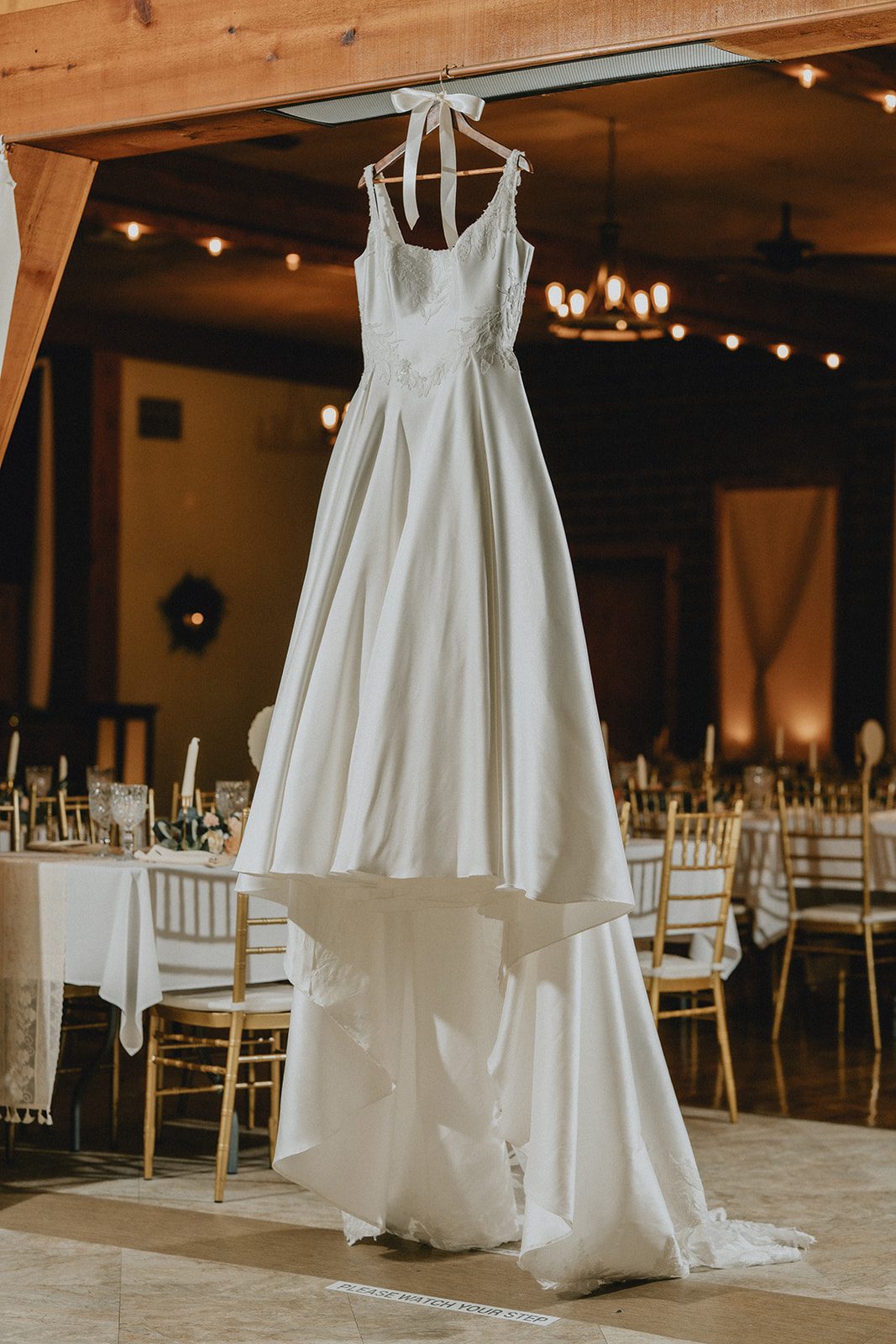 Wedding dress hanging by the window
---
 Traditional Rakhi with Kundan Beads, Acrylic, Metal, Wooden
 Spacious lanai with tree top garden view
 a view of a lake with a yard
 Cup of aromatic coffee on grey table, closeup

● Work instruction
Give back exactly the lines above, from the line containing "Traditional Rakhi with" through the line containing "Cup of aromatic", with both end lines and nothing more.

● Exercise result
 Traditional Rakhi with Kundan Beads, Acrylic, Metal, Wooden
 Spacious lanai with tree top garden view
 a view of a lake with a yard
 Cup of aromatic coffee on grey table, closeup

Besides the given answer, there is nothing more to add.